Semestinya dengan alat monitoring yang dimiliki KPID Bali melakukan pemantauan
dan melakukan evaluasi terhadap siaran iklan pengobatan alternatif yang
disiarkan lembaga penyiaran. “KPID Bali harus mengkonfirmasi ke lembaga
penyiaran, apakah jasa pengobatan yang diiklankan memiliki Surat Terdaftar Penyehat Tradisional (STPT) dan Surat
Izin Penyehat Tradisional (SIPT). Hanya pemegang SIPT yang berhak melakukan
promosi” ujar Muliarta.
Muliarta
menegaskan sangat disayangkan terhadap kembali maraknya siaran iklan pengobatan
alternatif. Padahal sebelumnya dengan adanya dengan keluarnya Keputusan
Gubernur Bali Nomor 532/03-B/HK/2016 tentang tim pembina dan pengawas
khusus untuk pengobatan alternatif dan tradisional, siaran iklan
pengobatan sempat tidak ada di lembaga penyiaran. “ini terkait komitmen dari
lembaga penyiaran, KPID Bali harus memberikan sanksi dan mempertimbangkan
kembali untuk memberikan rekomendasi kelayakan perpanjangan ijin lembaga
penyiaran tersebut” tegas Muliarta.
Muliarta memaparkan
jika dicermati Undang-Undang no. 32 tahun 2002 tentang penyiaran,
terutama pasal 36 ayat (5) poin a ditegaskan bahwa “isi siaran dilarang
bersifat fitnah, menghasut, menyesatkan
dan/atau bohong”. Pelanggaran terhadap pasal 36 ayat (5) seperti yang
tertuang dalam padal 57 adalah berupa pidana penjara 5 tahun dan atau denda
Rp.1 miliar untuk penyiaran radio. Sedangkan untuk penyiaran televisi pidana
penjara selama 5 tahun dan atau denda Rp. 10 miliar.
Begitu juga aturan
terkait siaran kesehatan pada lembaga penyiaran juga telah dituangkan dalam
peraturan Komisi Penyiaran Indonesia (KPI) nomor 02/P/KPI/03/2012 tentang
Standar Program Siaran.

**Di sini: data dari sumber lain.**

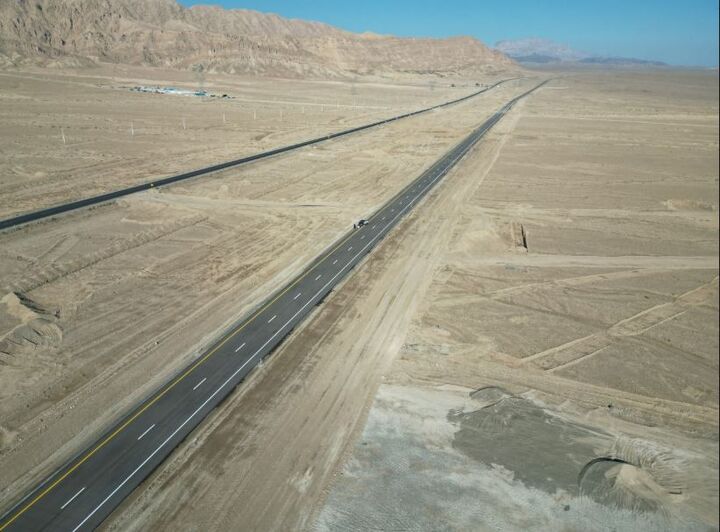 سیستان و بلوچستان در مسیر تحول؛ بزرگراهها پیوند دهنده
مرز، تجارت و رفاه سیستان و بلوچستان در مسیر تحول؛ بزرگراهها پیوند دهنده مرز، تجارت و رفاه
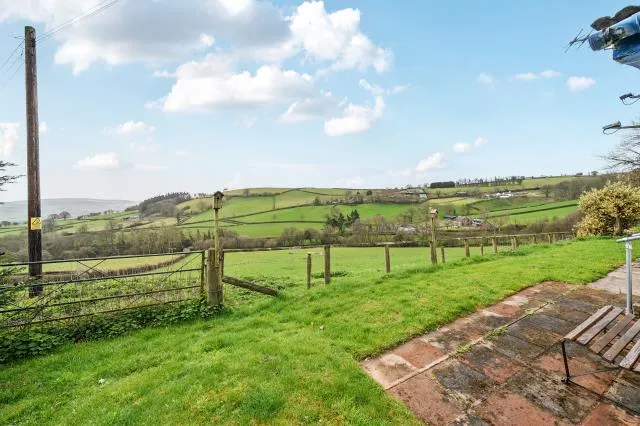 Green Acres, Clyro, HR3, photo 15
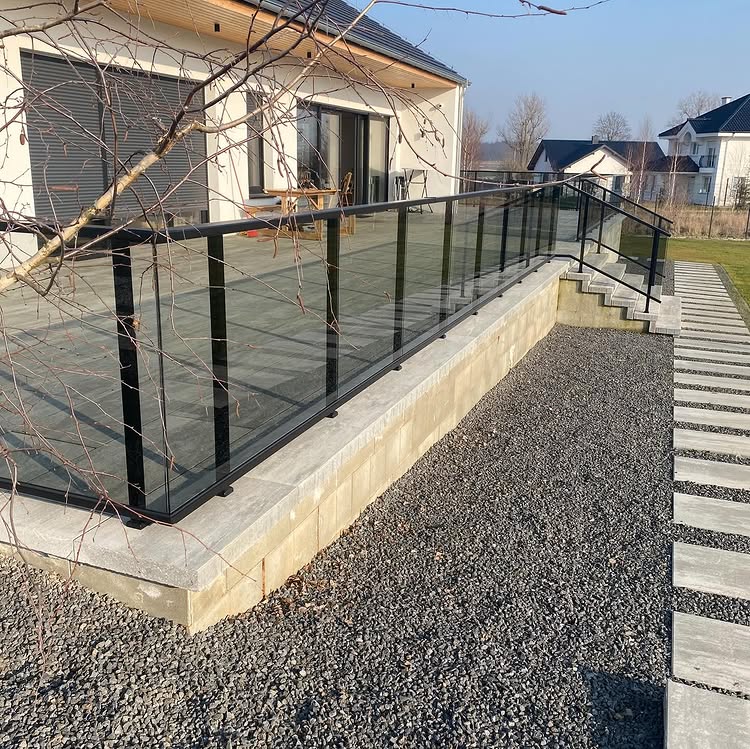 Balustrada tarasowa aluminiowa ze szkłem - realizacja M-Budownictwo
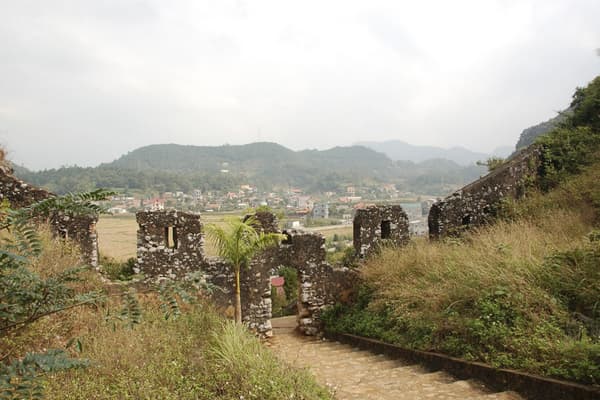 Tham Quan Tòa Thành Nhà Mạc Lạng Sơn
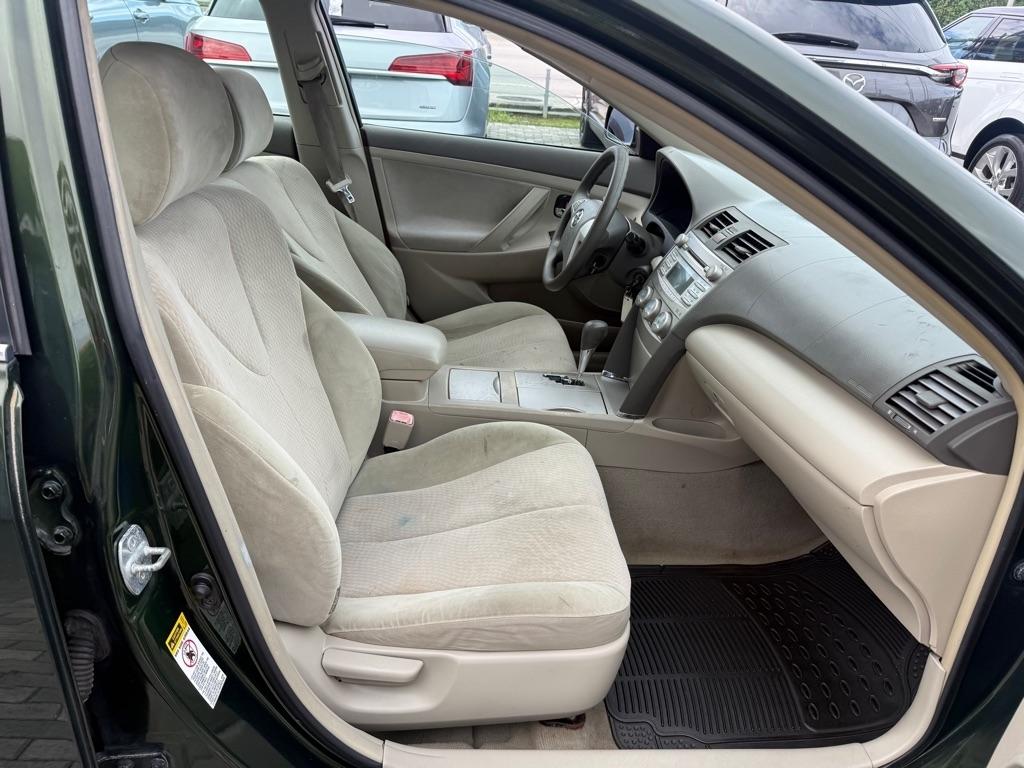 Toyota Camry 4dr Sdn I4 Man (Natl) 2010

Pada pasal 11 ayat (3) disebutkan program siaran yang
berisi tentang kesehatan masyarakat dilarang menampilkan penyedia jasa
pelayanan kesehatan masyarakat yang tidak memiliki izin dari lembaga
berwenang”. “Berdasarkan bunyi pasal tersebut, maka lembaga penyiaran berhak
menayakan izin dari jasa pelayanan kesehatan yang ingin berpromosi” jelas
Muliarta.
Muliarta mengungkapkan
lembaga penyiaran hanya boleh menyiarkan (program
atau iklan) seputar jasa pelayanan kesehatan masyarakat (pengobatan alternatif
atau pengobatan modern) yang sudah melalui proses perizinan dari lembaga yang
berwenang. Langkah ini merupakan upaya untuk memberikan
perlindungan kepada publik. Menayakan legalitas juga merupakan langkah proteksi
bagi lembaga penyiaran. Sebab jika diperhatikan dalam Pasal 46 Ayat 5
UU Penyiaran menyebutkan bahwa “siaran iklan niaga yang disiarkan menjadi
tanggung jawab lembaga penyiaran”. Klausul pasal ini menjelaskan bahwa lembaga
penyiaran mempunyai konsekuensi hukum dalam menyiarkan iklan niaga, tak
terkecuali iklan pengobatan alternatif.
Hasil pendataan Dinas
kesehatan Bali di Bali terdapat sekitar 3.024 jasa pengobatan alternatif dan
hanya sekitar 5 persen yang memiliki ijin. Sedangkan dari hasil uji petik
pembinaan kepada 6 sarana pengobatan alternatif di Denpasar menunjukan
keseluruhanya tidak memiliki izin. Berdasarkan hasil uji petik yang dilakukan
pada 13-14 Pebruari 2014 juga menunjukkan bahwa jasa pengobatan tersebut telah
menyesatkan masyarakat. Parahnya dalam obat yang diberikan kepada pasien
terkadang dicampur dengan antibiotik, padahal jika salah menggunakan antibiotik
dapat menjadi racun.
Muliarta menambahkan yang cukup disayangkan adalah
kembali digunakanya format testimony dalam siaran pengobatan. Pada kenyataanya testimoni
tersebut justru menjerumuskan pasien lainnya. Masyarakat akan terjebak untuk
ikut mencoba akibat adanya testimoni. Dimana testimoni yang disampaikan diduga
tidak jujur karena diberikan oleh orang yang bukan pasien atau pengguna jasa
pengobatan yang dipromosikan. Hal ini tentunya bertentangan dengan pasal 4
Undang-Undang no. 8 tahun 1999 tentang perlindungan konsumen. Dalam pasal 4
tersebut dijelaskan bahwa “hak konsumen adalah hak atas informasi yang benar,
jelas dan jujur”. Pasal 5 poin i Undang-Undang Penyiaran juga telah
mengamanatkan bahwa “ penyiaran diarahkan untuk memberikan informasi yang
benar, seimbang dan bertanggungjawab”.